A five minute per episode TV cartoon series made locally (1948-51) by Alex Anderson and J Ward, “Crusader Rabbit” produced the first more or less successful animated cartoon star. Alex went into advertising while J ended up producing a show in the late 1950s that was based on an unsold script idea by Alex about a French Canadian moose and a flying squirrel. It became the delightfully cold-war irreverent “Rocky and Bullwinkle” show. (An odd aside: Alex said J’s parents named him “J” but, in the late 1950s, he changed it to Jay.)
Lucille’s career continued, first as the host of a local kids’ birthday show on KRON (1950-57). She later taught voice acting and did lots of voice work locally, but her major roles came from jobs doing voices in LA. She also appeared in a few features in minor roles. One was a bag lady on a San Francisco Muni cable car.
Lucille’s most famous role was Smurfette on the popular 1980s cartoon "The Smurfs". She was also Ms. Bitters on "Invader Zim" (2001–06) and Yugoda in "Avitar: The Last Airbender" (2004). Although not well known, she loved talking about working on the O. G. Readmore shows (television during the 1980).
In the 1990s, she spent a delightful evening telling ASIFA-SF (Association Internationale du Film d'Animation de San Francisco) members about her long career. In 1999 Disney honored her at an event at Disneyland. She was presented a Former Child Star Lifetime Achievement Award. (Child? She was born in 1918 and recorded her part in 'Cinderella' about 1948).

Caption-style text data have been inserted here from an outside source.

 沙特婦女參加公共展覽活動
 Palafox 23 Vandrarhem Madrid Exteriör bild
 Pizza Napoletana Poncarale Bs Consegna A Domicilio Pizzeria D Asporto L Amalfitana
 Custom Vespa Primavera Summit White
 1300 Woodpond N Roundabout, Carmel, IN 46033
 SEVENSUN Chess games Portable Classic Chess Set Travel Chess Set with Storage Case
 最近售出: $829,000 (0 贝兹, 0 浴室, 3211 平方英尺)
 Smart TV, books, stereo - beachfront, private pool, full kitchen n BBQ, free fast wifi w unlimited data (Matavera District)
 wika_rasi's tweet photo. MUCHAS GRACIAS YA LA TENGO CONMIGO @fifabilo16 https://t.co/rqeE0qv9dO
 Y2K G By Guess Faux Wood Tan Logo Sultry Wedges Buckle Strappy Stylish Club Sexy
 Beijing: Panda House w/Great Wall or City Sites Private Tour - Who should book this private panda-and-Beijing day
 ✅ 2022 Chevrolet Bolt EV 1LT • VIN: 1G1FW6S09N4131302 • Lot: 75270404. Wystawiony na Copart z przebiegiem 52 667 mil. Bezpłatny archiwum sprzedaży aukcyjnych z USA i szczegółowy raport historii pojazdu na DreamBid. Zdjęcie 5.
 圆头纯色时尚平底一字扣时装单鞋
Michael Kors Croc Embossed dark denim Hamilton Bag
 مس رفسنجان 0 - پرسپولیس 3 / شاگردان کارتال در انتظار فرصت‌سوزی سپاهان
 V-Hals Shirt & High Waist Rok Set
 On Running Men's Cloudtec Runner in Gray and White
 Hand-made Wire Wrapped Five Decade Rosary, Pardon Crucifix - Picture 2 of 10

Bliss never talked about her age and in trade publications in the 1980s and ‘90s she ran a glamorous photo of her that must have been taken when she was in her 30s. ASIFA-Hollywood gave her a Winsor McCay award at their 28th Annual Annie Awards. Locally she has been honored by a professional radio and TV association. Lucille Bliss, animation voice and TV actress, as a young woman. photo: courtesy L. Bliss
It was a pleasure knowing her. My wife and I joined her several times for delightful evenings, often over Italian food in Noe Valley. Thanks to good talent agents, she kept busy almost to the end of her life doing auditions and recording parts. Literally a voice from the origins of animation, she will be missed.